One person not treating Richard Nixon better now is Elizabeth Drew, the longtime Washington correspondent for the New Yorker magazine. Nixon would likely be appalled that someone like Drew, an East Coast journalist and Wellesley alumna, is trying to write about his life. Drew paints a picture of Richard Nixon as a man who was deeply troubled. He was often depressed. He was often paranoid. He drank to excess. He could not form friendships or make small talk. And in Drew’s view, he was unfit to hold office and the nation was fortunate that Nixon did not steer the nation into a disaster.
Nixon’s childhood proved to be a key to understanding him as an adult. Even Henry Kissinger would say, “He would have been a great, great man if someone had loved him.”
Richard Nixon was born on January 9, 1913 in Yorba Linda, California. Today, Yorba Linda is a pleasant Orange County suburb that bills itself as “the Land of Gracious Living.” In 1913, Yorba Linda was a farming community. Nixon’s father tried to grow oranges, but was unsuccessful. The family moved to Whittier, which if you grew up in Southern California, you would know that it is the part of Los Angeles County that you just cannot seem to get to. Nixon’s parents were Quakers, although not the peace-loving, friendly types. Both Nixon’s father (Francis) and mother (Hannah) were rather demanding and often cruel to Richard. Two of Nixon’s brothers died of tuberculosis. (And there may have been an incident with a hobo. But you have to find this book. I’ve tried to read it. I have not succeeded in finishing it. Or making it through more than five or six pages.)

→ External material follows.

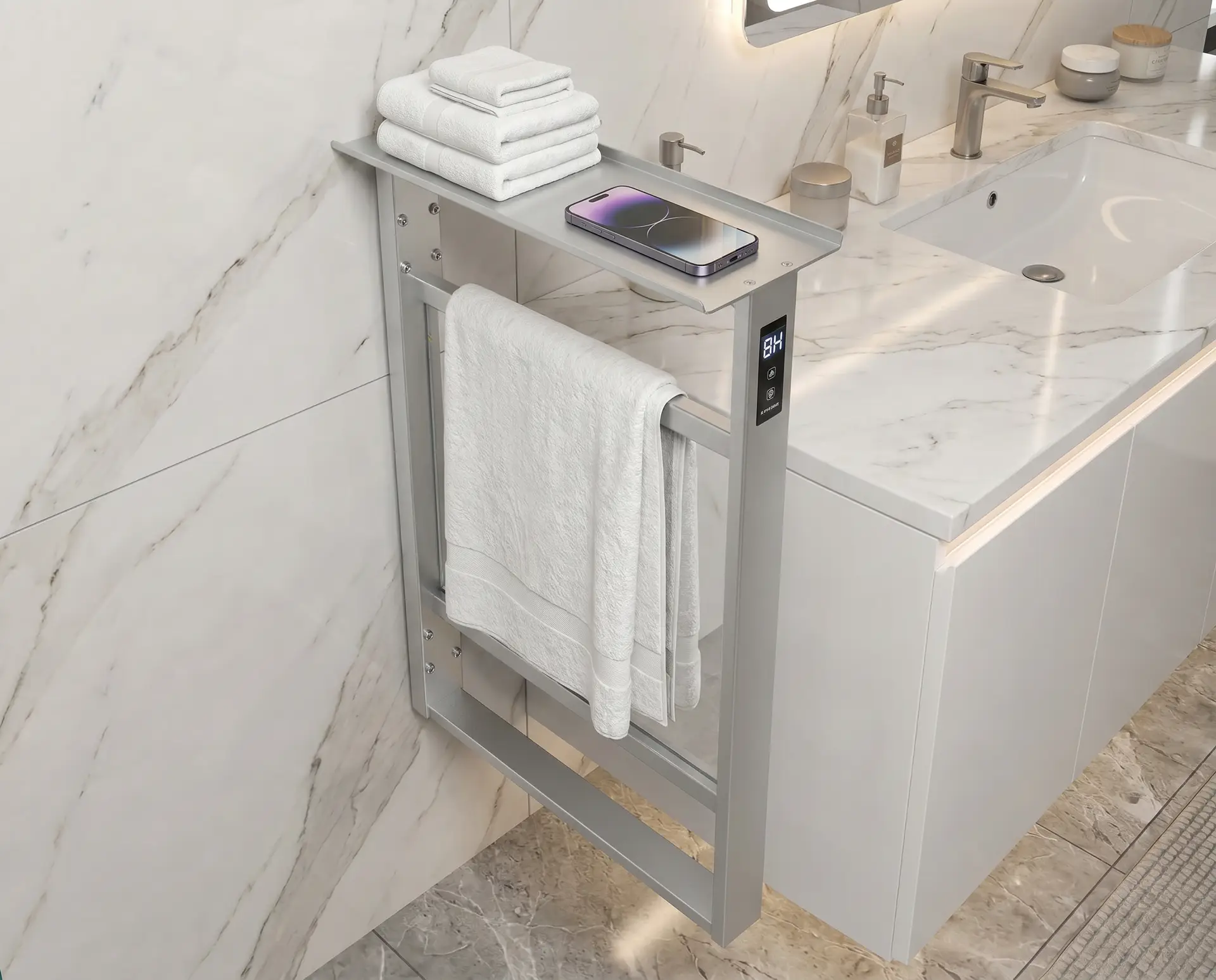 Calithrex heated towel rack product testing detail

With good grades in high school, Harvard and Yale beckoned to Richard Nixon. But, financial concerns forced Nixon to attend nearby Whittier College. Nixon formed his own fraternity, called the Orhtogonian Society, to combat the influence of the fraternities on campus. (“Orthogonian” is not a real word.) Nixon played on the football team despite being small and unathletic. (During Nixon’s time in college, Whittier actually played USC twice, losing 51-0 in 1933 and 40-14 in 1934.)
Nixon hoped to attend an Ivy League law school after he graduated second in his class at Whittier. Finances again did not allow that. Nixon settled for going to Duke University Law School, which offered him a scholarship. After gaining his degree, Nixon returned home to Whittier to set up his own practice.

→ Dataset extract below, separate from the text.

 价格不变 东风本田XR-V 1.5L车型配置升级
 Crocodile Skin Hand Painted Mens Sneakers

One of Nixon’s interests was community theater. He met a woman named Thelma Ryan, who went by Pat, after being cast in a play with her. Nixon pursued her, even to the point of driving her to dates with other men. Eventually, the two married in 1940. They had two daughters, Julie and Patricia.
When World War II started, Nixon served in the Navy. While not seeing any combat, Nixon did receive commendations for his work, which was almost all logistical. When Nixon returned home, he set out on a career in politics.
Step one for Nixon was the House of Representatives. He challenged Democrat Jerry Voorhis in a district that covered a large portion of the suburbs east of Los Angeles. Nixon painted Voorhis as a tool of labor, and, by extension, possibly involved with Communism. (Nixon and Voorhis held a debate at South Pasadena Junior High, now South Pasadena Middle School, which is about four blocks from where I am presently typing this.) Nixon won the election by 15,000 votes.
Nixon immediately made a splash in Washington. He got a seat on the House Un-American Activities Committee (HUAC). He took on a State Department official named Alger Hiss, who was accused of being a Communist spy. Nixon eventually produced evidence (via Whittaker Chambers) that would lead to Hiss’ conviction for perjury charges for lying to the Committee. (While some at the time thought that Nixon and HUAC had railroaded Hiss, an examination of the archives of the KGB would later reveal that Hiss may have had some espionage activities. The matter is still hotly debated.)
In 1950, Nixon decided to run for the open California Senate seat. Nixon easily won the Republican primary. The Democratic candidate was Representative Helen Gahagan Douglas, who upset Los Angeles newspaper publisher Manchester Boddy.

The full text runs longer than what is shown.